Tout juste rentrés de Kiev, et alors qu'ils s'apprêtent à casser La Machine du Moulin Rouge aux côtés de Silent Servant, Clara 3000 ou encore Prurient, voici leurs petites confidences façon Drucker. La bière et les poches sous les yeux en plus.
Time Out Paris : Maintenant que vous avez quasi blindé la Machine, vous pouvez nous le dire : ces 5 ans d’attente pour votre premier album, c’était un juste un plan de com’ extrêmement bien ficelé ?
Eliott : Tu veux vraiment une réponse par rapport aux 5 ans ? On n’est peut-être pas les mecs les plus rapides, mais c’est juste qu’on a besoin de temps pour composer, pour faire des choses qui nous plaisent vraiment. Il y avait peut-être aussi un peu de pression sur le premier album après les deux EP. Pis on aime bien être un peu en marge... Qui a dit qu’il fallait sortir des trucs tout le temps ?
Le choix de l'identité de votre label a aussi semblé prendre une éternité. Finalement, ça sort sous un triptyque de labels dont Artefact, votre propre structure.
Eliott : En vrai, c’est une co-prod entre notre label et Crybaby. Toutes les perspectives de label qu’on avait ne collaient pas en terme d’agenda ou autres. Et puis on a rencontré Stéphanie et Anaïs de Crybaby que je connaissais depuis quelques temps. Elles ont émis l’idée de nous accompagner sur un label qu’on monterait nous-même. C’était un vieux fantasme. Et on a compris que c’était financièrement, artistiquement et humainement plutôt intéressant.
Maxime : On avait l’impression que c’était un peu plus moderne de fonctionner comme ça plutôt que d’aller sur un gros label où tu donnes tes master et où tu n’as plus trop ton mot à dire sur ta manière de communiquer sur le disque, le calendrier...
Eliott : On avait le rap en exemple.
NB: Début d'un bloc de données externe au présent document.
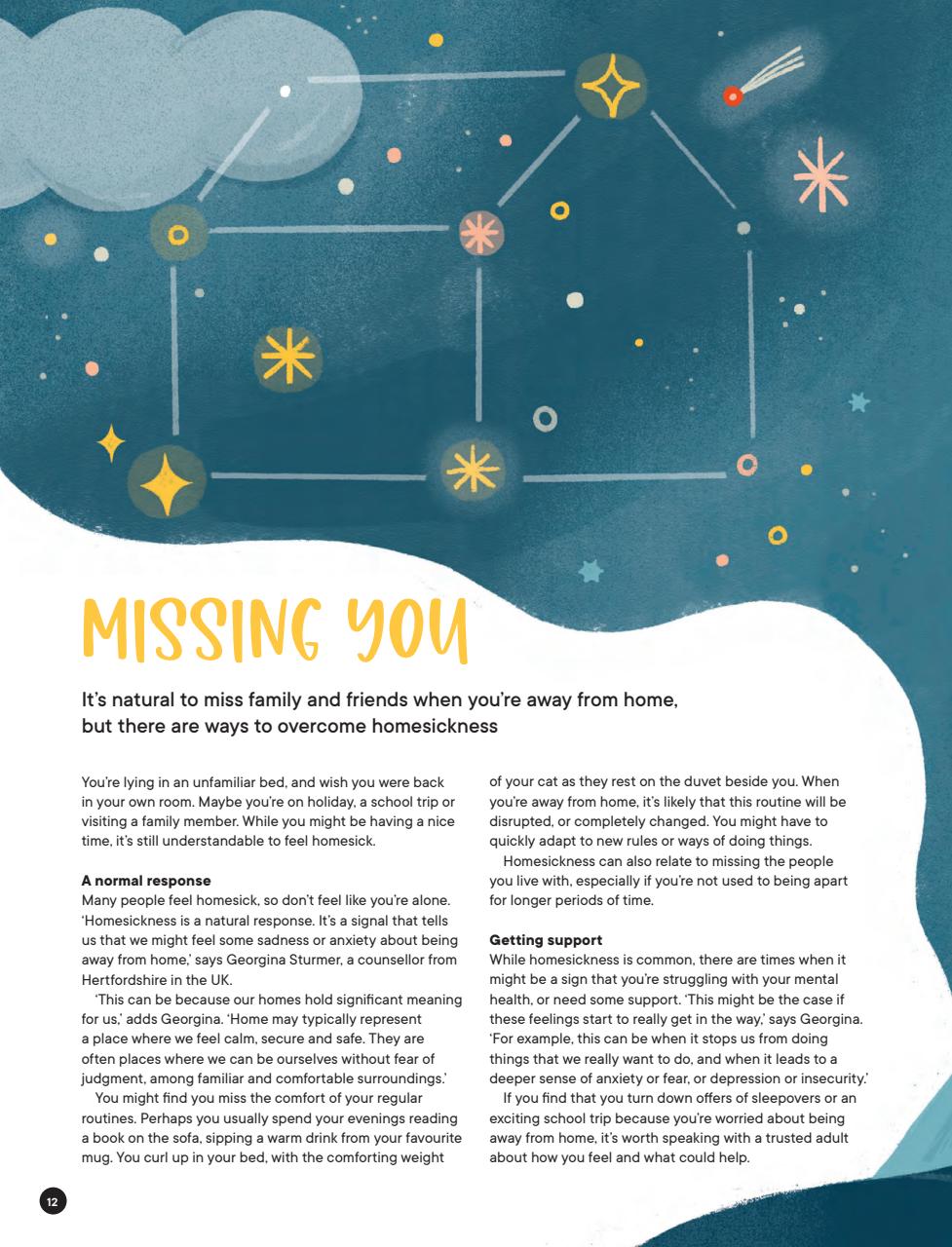 Teen Breathe Preview Pages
Où les mecs n’en ont plus rien à foutre d’appartenir à un roaster. Il n’y a plus ce côté signature gros cigare labélisé. Et c'est tant mieux.
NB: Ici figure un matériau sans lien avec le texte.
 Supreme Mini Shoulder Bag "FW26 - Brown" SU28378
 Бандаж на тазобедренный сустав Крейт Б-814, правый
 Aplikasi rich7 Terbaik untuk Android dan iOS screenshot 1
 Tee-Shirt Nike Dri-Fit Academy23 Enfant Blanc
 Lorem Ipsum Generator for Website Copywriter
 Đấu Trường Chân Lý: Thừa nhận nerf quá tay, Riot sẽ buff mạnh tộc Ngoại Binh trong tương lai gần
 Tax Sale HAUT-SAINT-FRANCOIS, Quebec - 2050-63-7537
Depuis le début, vous avez une presse dithyrambique comme peu de groupes ont pu avoir. En quoi cela a influencé votre manière de composer ?
Eliott : Le seul truc qui nous a un peu influencé, c’est qu’on nous a vraiment ancré dans quelque chose de très eighties et ça nous faisait un peu chier. Ça nous a sans doute poussé à enlever des synthés. On n’a pas du tout l’impression d’être là dedans, dans le sens de faire de la musique comme à l’époque. Ça n’a jamais été notre volonté.
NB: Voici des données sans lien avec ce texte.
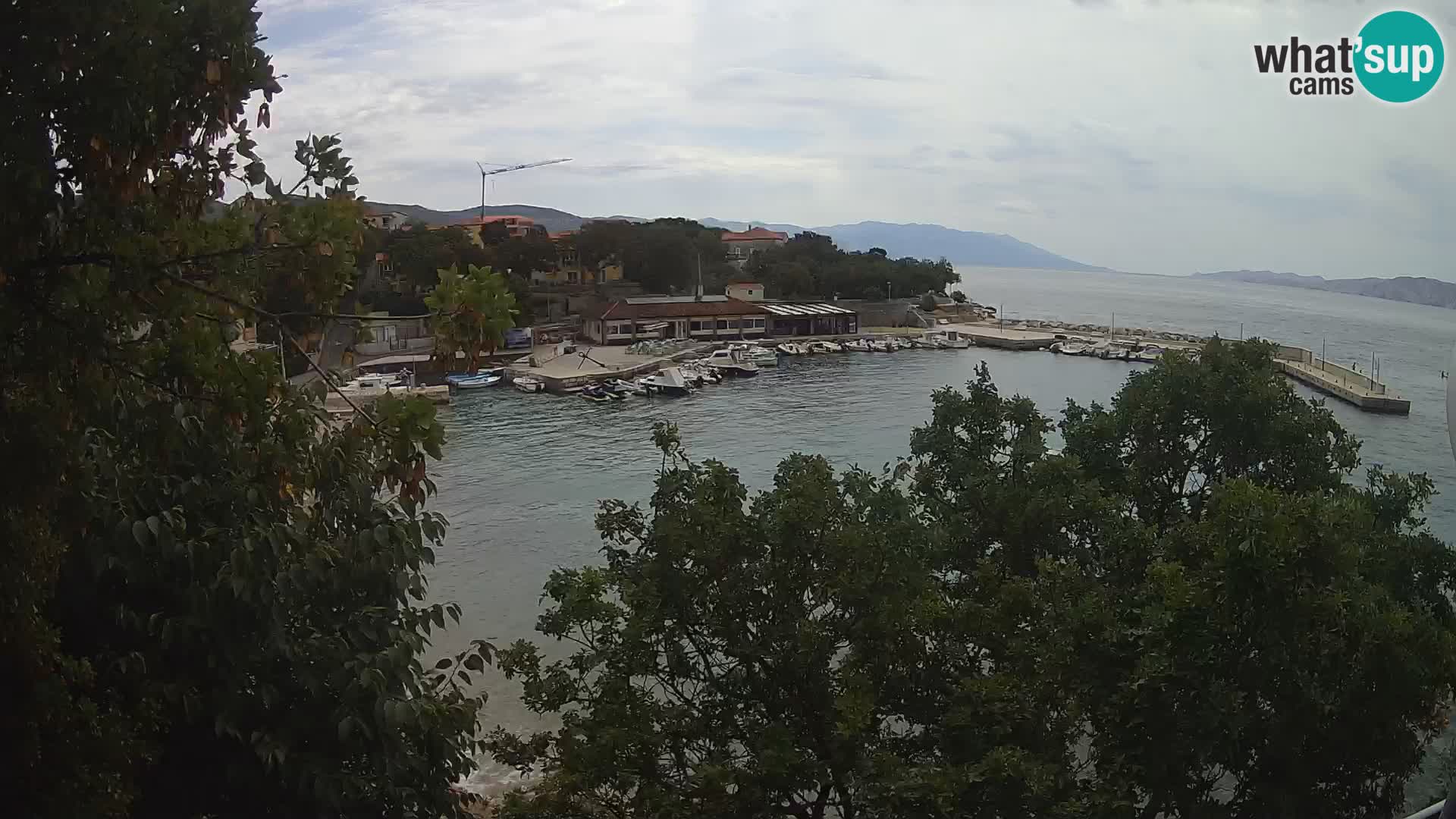 Webcam Povile – Playa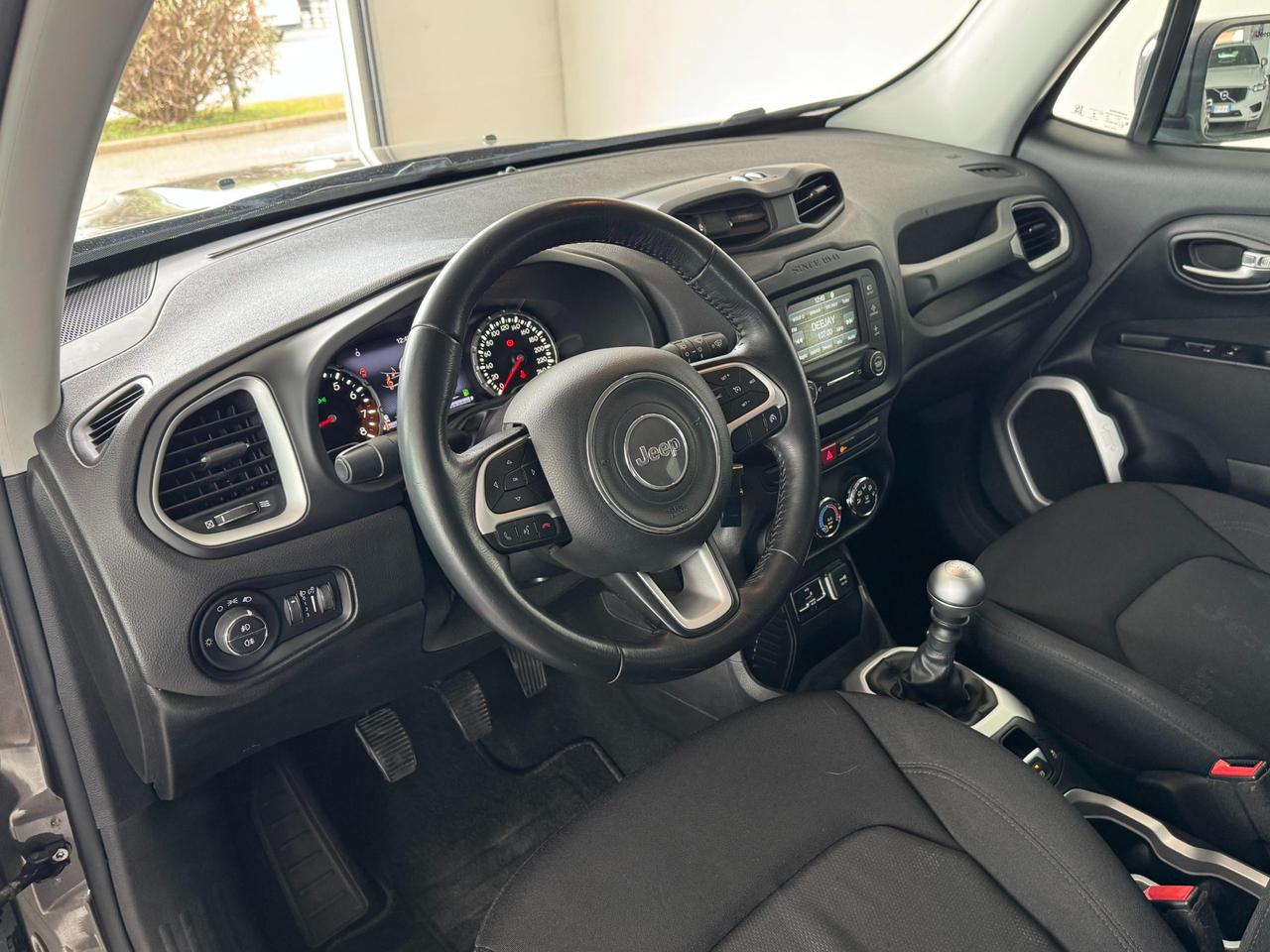 Jeep Renegade 1.4 T-jet Longitude fwd 120cv Gpl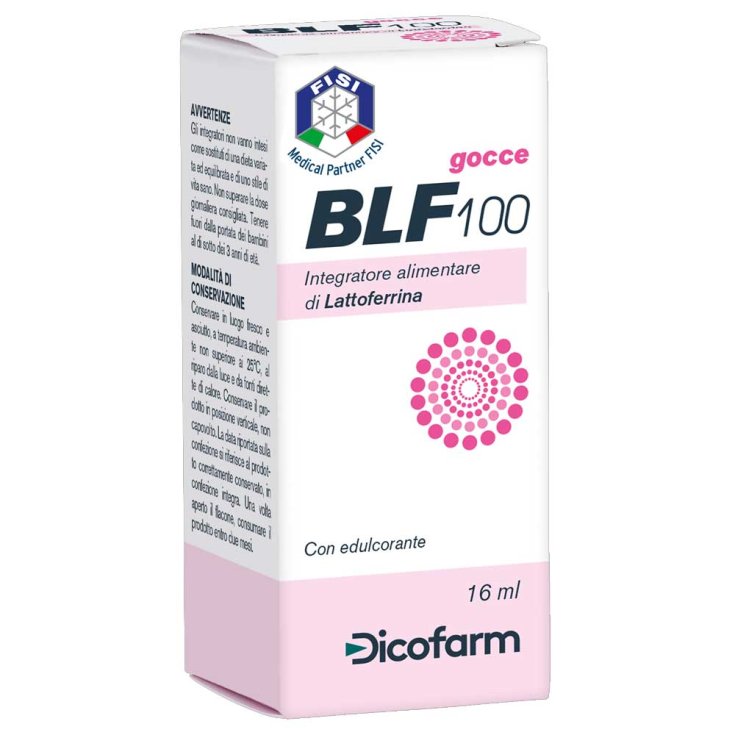BLF100 Drops Dicofarm 16ml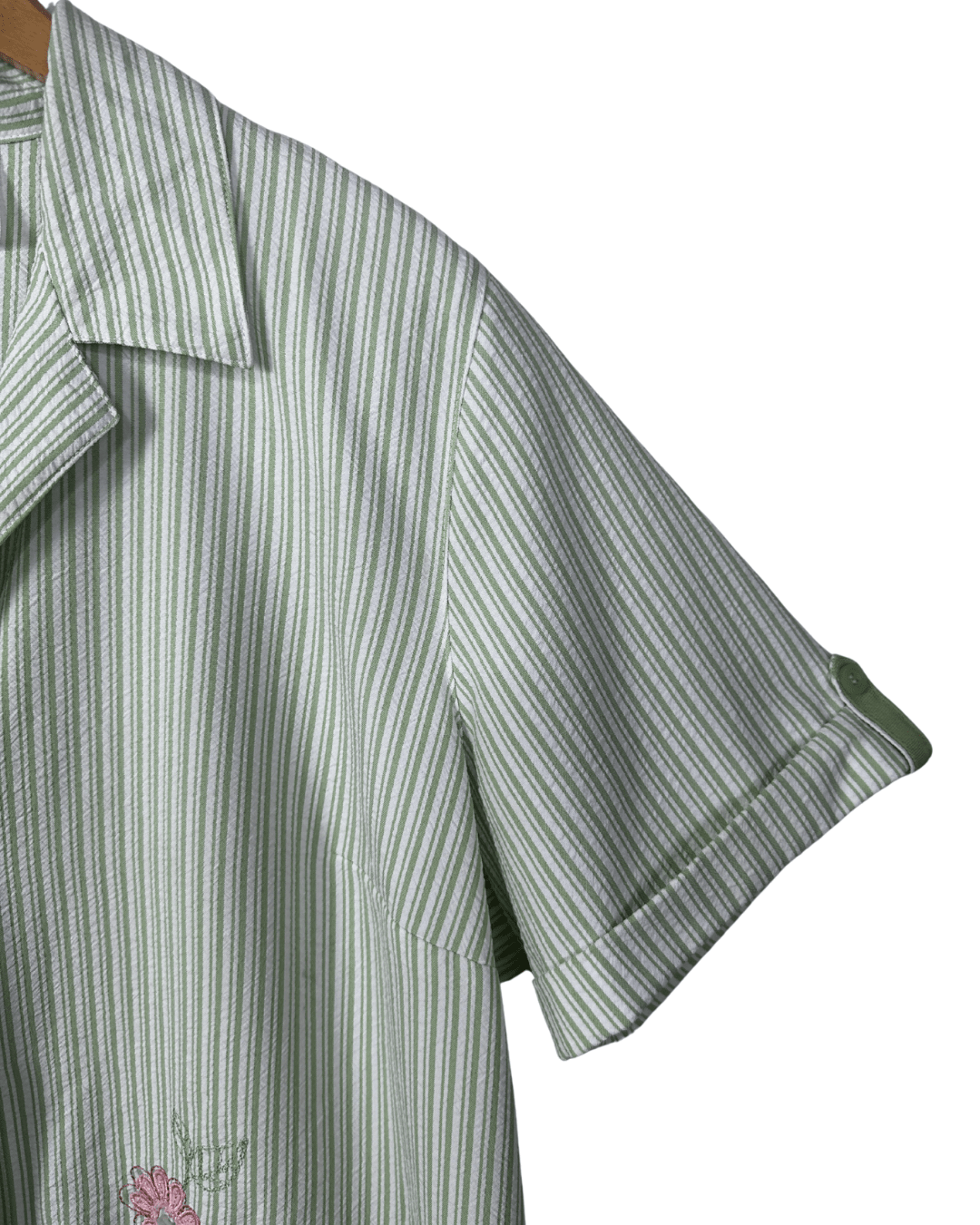 Vintage Alfred Dunner Embroidered Shirt - Women's 2XL - Funkify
Parlons concrètement du disque. Vos compositions sont bien plus denses, riches. Comment se déroule votre processus de compo ?
Eliott : Il y a beaucoup d’influences. On a davantage travaillé dans la recherche de sons, de différents types de matières que dans la superposition des pistes.
Maxime : Pour donner un embryon de morceaux, on n’a jamais trop su le faire à quatre. Ce sont plus des idées de basses ou de guitares. Et si là-dessus Francis cale une voix intéressante, qu’il se dégage des harmonies intéressantes assez rapidement, là on peut commencer à faire des arrangements et à structurer tout ça.
Au niveau de la voix, il y a quelque chose d’assez agressif.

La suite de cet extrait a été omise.